Print the data exactly. Pictures stay out.

※ ※ ※

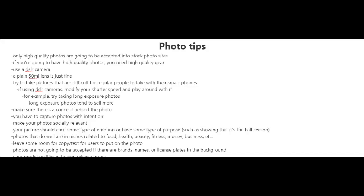You're going to want to try to take pictures that are difficult for regular people to take with their smartphones. If you are going to be using a DSLR camera, try modifying your shutter speed and play around with it. For example, you could try taking long exposure photos — long exposure photos tend to sell more.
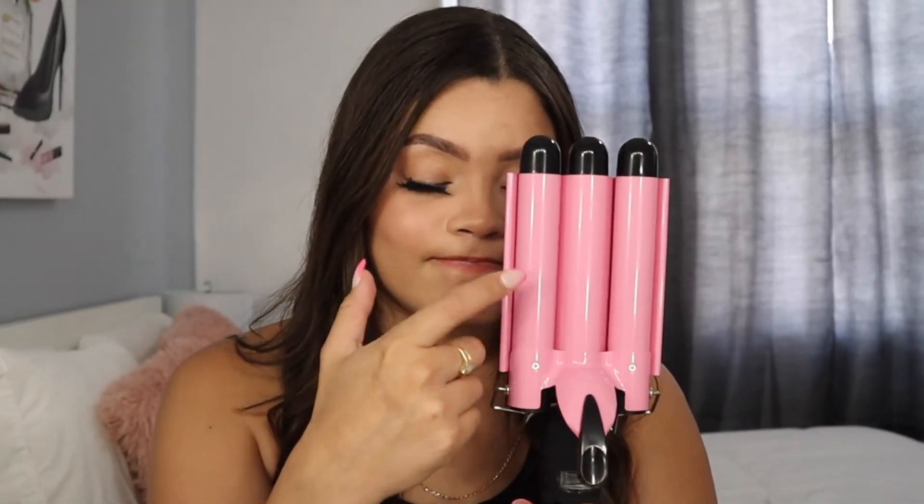The other hair tool is this hair waver. I was debating whether to bring it to Florida because of the size, but it's worth it — it gives the most beautiful waves, like mermaid hair. It's really easy to use. You just put your hair through and it waves it. You can control the heat level, and the handle is super comfortable. I really recommend this if you're looking for a hair waver.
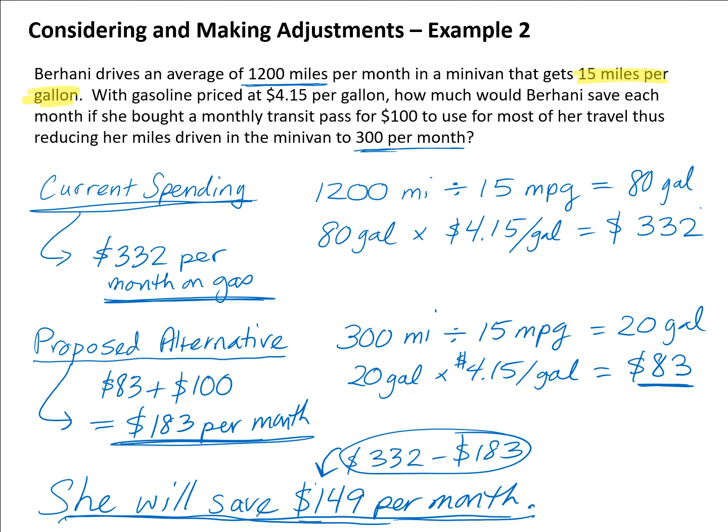On the other hand, she might decide that having her car available is more convenient than saving $149 is worth, rather than relying on a less convenient bus. Another consideration is that taking the bus is environmentally better. Either way, she now has the numbers to make an informed decision about her spending after calculating everything out.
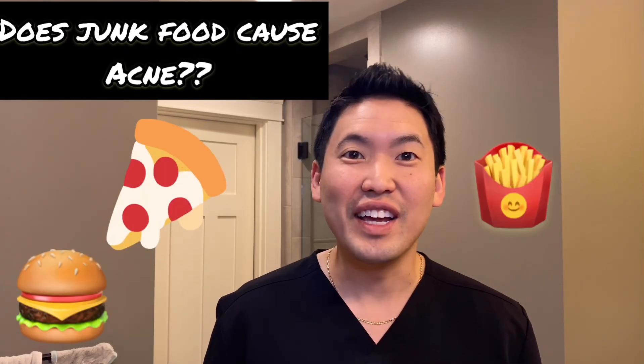Do junk foods like pizza and hot dogs cause acne? Studies have shown that those junk foods cannot consistently cause acne flares. Good news for those of us who like to indulge every once in a while — those do not cause acne on a consistent basis. Acne can, however, be related to dairy, especially cow's milk. There are reports that skim milk especially can cause acne flares and can be pro-inflammatory to your skin.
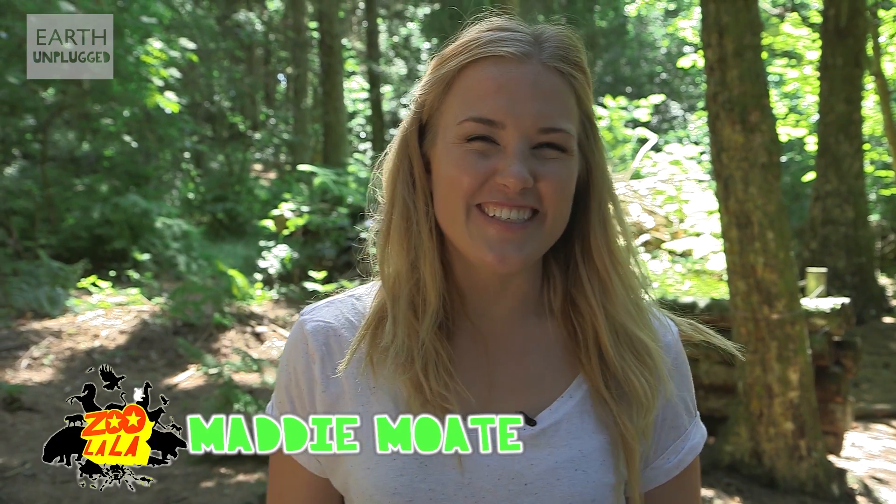Hi, I'm Maddie. Have you ever considered how to hide like an animal? The basic principle of camouflage is to break up your outline so you can't be detected, and there are many different types of camouflage in nature.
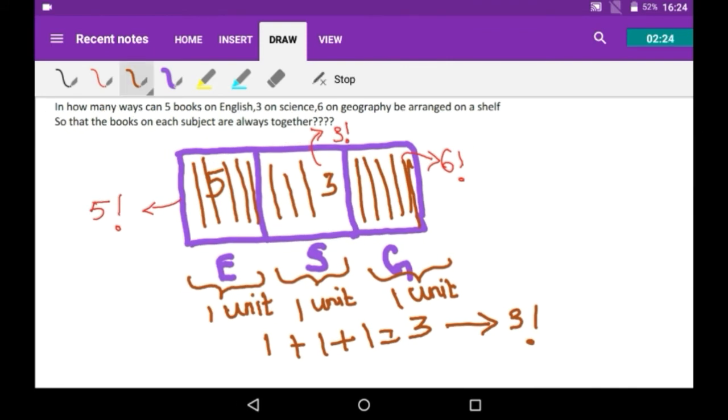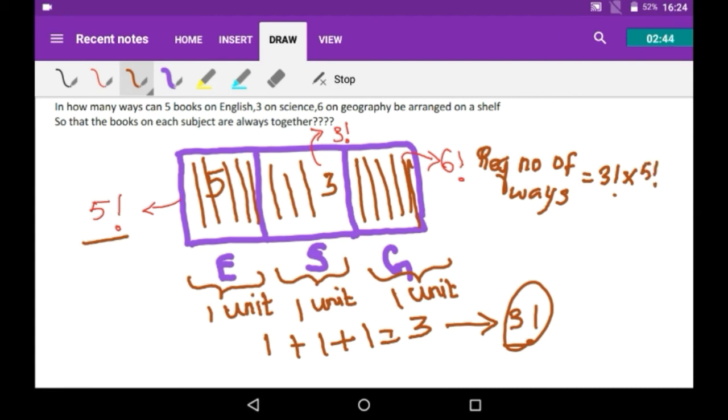So the required number of ways is equal to 3! × 5! × 3! × 6!. When you multiply everything together you get the final answer. The key idea is to consider all books of the same category as one unit, count the total units, then account for arrangements within each unit.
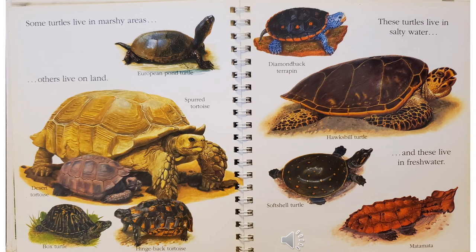Some turtles live in marshy areas, like the European pond turtle. Others live on land, like the spurred tortoise, the desert tortoise, the box turtle, and the hingeback tortoise. These turtles live in salty water: the diamondback terrapin — that's the one at the top with the blue legs — and the hawksbill turtle. The two bottom turtles live in freshwater: the soft-shell turtle, that's the green one with the dots on it, and the matamata, which is the strange-looking orange rust-colored turtle at the bottom.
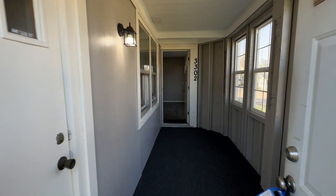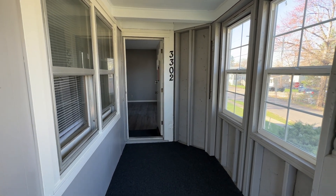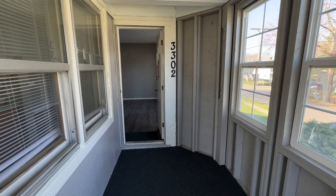Welcome to 3302 College Avenue Northeast. This is a main floor unit that sits on the corner of College and Hubbard Street.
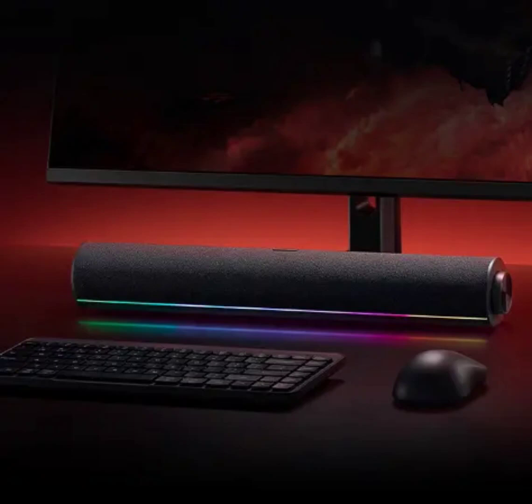Xiaomi has announced the launch of the Redmi computer speaker in China, featuring a 4-unit acoustic configuration and RGB lighting. The new speaker is Redmi's first audio peripheral designed specifically for desktop computers.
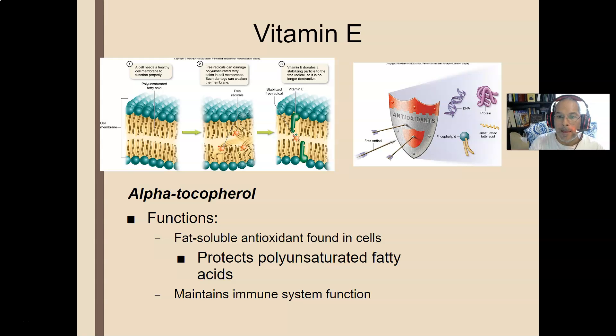Vitamin E gets into cell membranes and actually becomes a radical itself — it takes the hit from a chemical out in nature, but it becomes a more gentle radical. The nice thing about vitamin E is it's fat-soluble. Vitamin C, which we'll cover in a bit, is water-soluble, and water-soluble vitamin C can regenerate vitamin E. Since most Americans take in a ton of vitamin C — probably more than we need — we're replenishing and regenerating the E in our body, maintaining this protection system against radicals.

※ ※ ※

**Output**
You're going to want to try to take pictures that are difficult for regular people to take with their smartphones. If you are going to be using a DSLR camera, try modifying your shutter speed and play around with it. For example, you could try taking long exposure photos — long exposure photos tend to sell more.
The other hair tool is this hair waver. I was debating whether to bring it to Florida because of the size, but it's worth it — it gives the most beautiful waves, like mermaid hair. It's really easy to use. You just put your hair through and it waves it. You can control the heat level, and the handle is super comfortable. I really recommend this if you're looking for a hair waver.
On the other hand, she might decide that having her car available is more convenient than saving $149 is worth, rather than relying on a less convenient bus. Another consideration is that taking the bus is environmentally better. Either way, she now has the numbers to make an informed decision about her spending after calculating everything out.
Do junk foods like pizza and hot dogs cause acne? Studies have shown that those junk foods cannot consistently cause acne flares. Good news for those of us who like to indulge every once in a while — those do not cause acne on a consistent basis. Acne can, however, be related to dairy, especially cow's milk. There are reports that skim milk especially can cause acne flares and can be pro-inflammatory to your skin.
Hi, I'm Maddie. Have you ever considered how to hide like an animal? The basic principle of camouflage is to break up your outline so you can't be detected, and there are many different types of camouflage in nature.
So the required number of ways is equal to 3! × 5! × 3! × 6!. When you multiply everything together you get the final answer. The key idea is to consider all books of the same category as one unit, count the total units, then account for arrangements within each unit.
Some turtles live in marshy areas, like the European pond turtle. Others live on land, like the spurred tortoise, the desert tortoise, the box turtle, and the hingeback tortoise. These turtles live in salty water: the diamondback terrapin — that's the one at the top with the blue legs — and the hawksbill turtle. The two bottom turtles live in freshwater: the soft-shell turtle, that's the green one with the dots on it, and the matamata, which is the strange-looking orange rust-colored turtle at the bottom.
Welcome to 3302 College Avenue Northeast. This is a main floor unit that sits on the corner of College and Hubbard Street.
Xiaomi has announced the launch of the Redmi computer speaker in China, featuring a 4-unit acoustic configuration and RGB lighting. The new speaker is Redmi's first audio peripheral designed specifically for desktop computers.
Vitamin E gets into cell membranes and actually becomes a radical itself — it takes the hit from a chemical out in nature, but it becomes a more gentle radical. The nice thing about vitamin E is it's fat-soluble. Vitamin C, which we'll cover in a bit, is water-soluble, and water-soluble vitamin C can regenerate vitamin E. Since most Americans take in a ton of vitamin C — probably more than we need — we're replenishing and regenerating the E in our body, maintaining this protection system against radicals.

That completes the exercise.